In several studies only 5–10% of the total HUS cases are classified as complement‐mediated.6 This may be due to the fact that verification of disease is complicated, particularly in adults where a multitude of differential diagnoses must be considered. Different genetic aberrations as well as presence of antibodies account for diverse severity of disease. It is suggested that the presence of a rare genetic mutation, a common at‐risk genetic variant (e.g. single nucleotide polymorphisms and haplotype blocks) and an extrinsic factor (e.g. infection) triggering a complement response may be necessary for manifestation of disease.8 Without proper treatment, the complement‐mediated aHUS is associated with a 50% rate of progression to end‐stage renal disease and a mortality‐rate of approximately 25% in the acute phase.7
To shorten the time to diagnosis, schemes of clinical prediction have been proposed, but these do not accurately differentiate aHUS from thrombotic thrombocytopenic purpura (TTP) in the acute phase.10 Due to the present lack of easily accessible laboratory gold standard and robust clinical definitions, no solid numbers on incidence of complement‐mediated aHUS are available in the Swedish population. In some cohorts1 the suggested incidence is 1–2/1 000 000 annually, which translated into Swedish conditions would correspond to approximately 10–20 people being afflicted yearly. Most likely however, the prevalence of complement‐mediated aHUS is underestimated.
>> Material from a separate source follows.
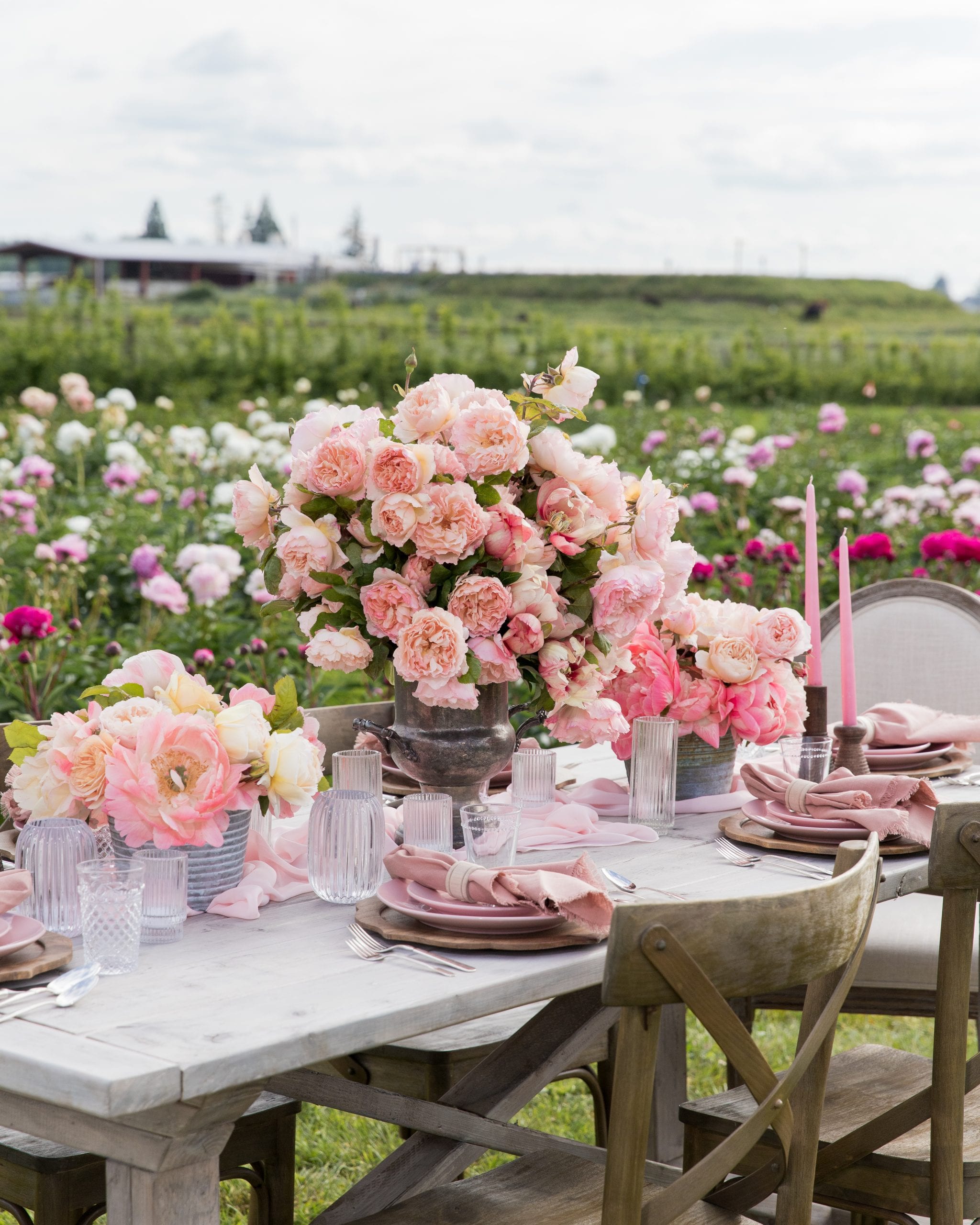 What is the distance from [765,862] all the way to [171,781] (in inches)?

In this study we aimed to evaluate the prevalence of suspected complement‐mediated aHUS with or without potential triggering events and known underlying causes in a retrospective Swedish cohort referred to the Coagulation Unit in Malmo (Department of Laboratory Medicine, Skane) on the clinical suspicion of TTP for analyses of a disintegrin and metalloproteinase with a thrombospondin type 1 motif, member 13 (ADAMTS13) between the years of 2007–2012. We show that a significant part of these patients may potentially have been diagnosed with complement‐mediated aHUS if accurate diagnostic work up had been available.